As with any business situation, the more people involved, the messier it gets, and sometimes these missteps require years of cleaning up. I have witnessed lifelong personal and family relationships destroyed. Partnership decisions should NOT be taken lightly, especially those that involve friends or family.
If you are going to enter into a partnership, above all else there are two initial categories to consider.
- Should you?
- Why take this person as a partner?
Before you even go down the path of partnership, ask yourself, Why am I doing this? Are you being pressured by your own desire to grow and you feel partnership is the only way? Is that because there are other pieces of your business which are broken and if fixed would solve a myriad of problems, thus eliminating your desire for partnership?
I suggest that before jumping into a partnership you ask yourself, “What is the good reason for making this business decision” and demand a truthful answer. Then hire a consultant to work through this with you. The fee you pay for consulting will be a drop in the bucket as compared to the cost of a failed partnership.
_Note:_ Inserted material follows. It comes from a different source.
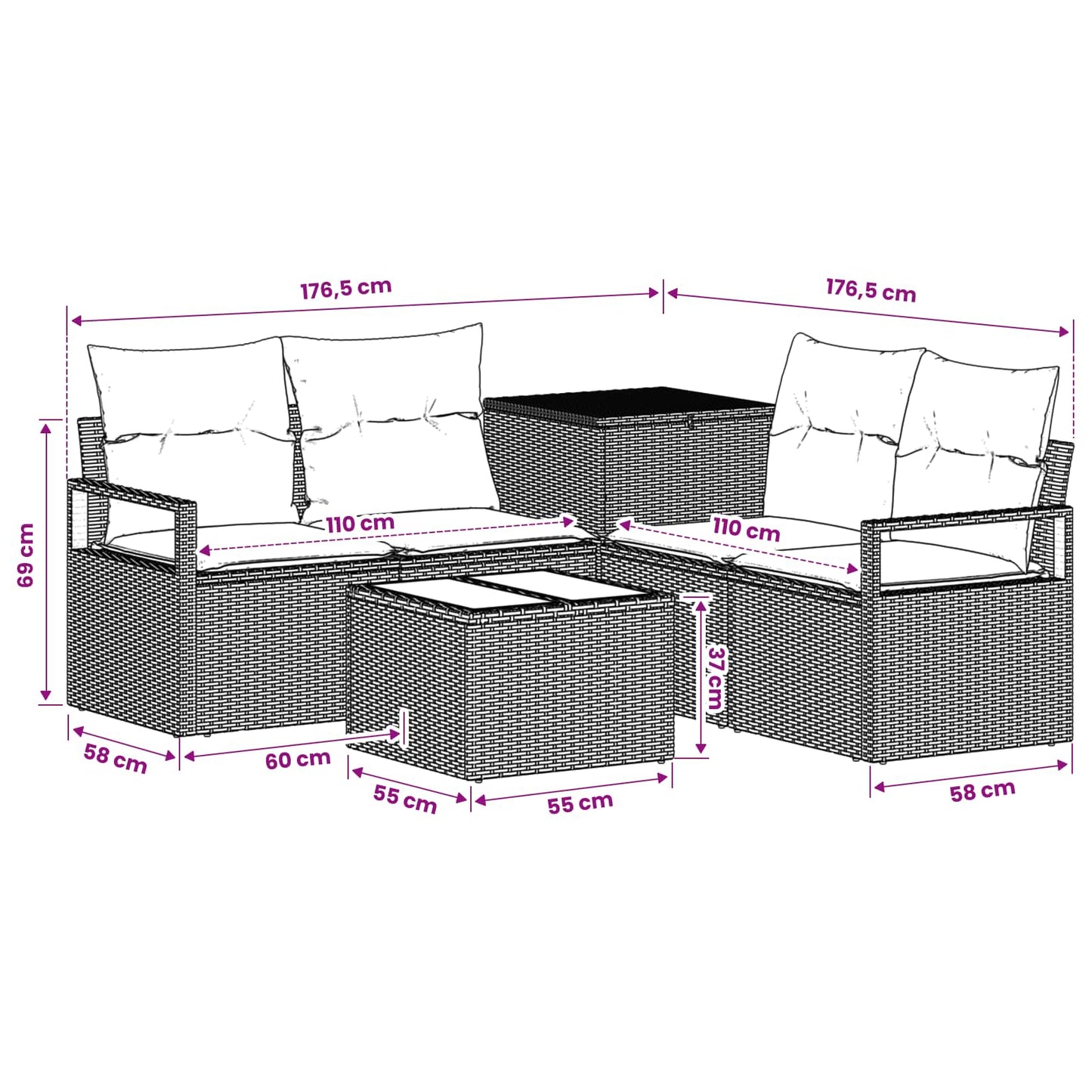 vidaXL Σετ Καναπέ 6 τμχ. Μπεζ και Κρέμ Πολυ-ρακί και Χάλυβας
Assuming, after you ask and answer the question above, you still want a partner, please, do yourself a favor and determine why you are selecting this person as a partner. Partnerships are very much like a marriage and unfortunately, like marriage these days, they tend to fail more than they succeed. If you’re choosing a partner based solely on family ties or lifelong friendship, please reconsider.
Does he or she match your leadership style or perhaps bring strengths opposite of yours in a way that will compliment your style? What does your prospective partner bring to the table besides your current relationship? Does he/she have a skill set that will benefit the organization? How about assets such as cash, property or existing client lists? What empty hole of experience in the same industry can be filled by this person’s presence?
If you are mulling a partnership, a slow, careful review of many details must be conducted first. Get help from a consultant, answer your questions truthfully and fully and be prepared to list every possible scenario that could go wrong before taking the leap.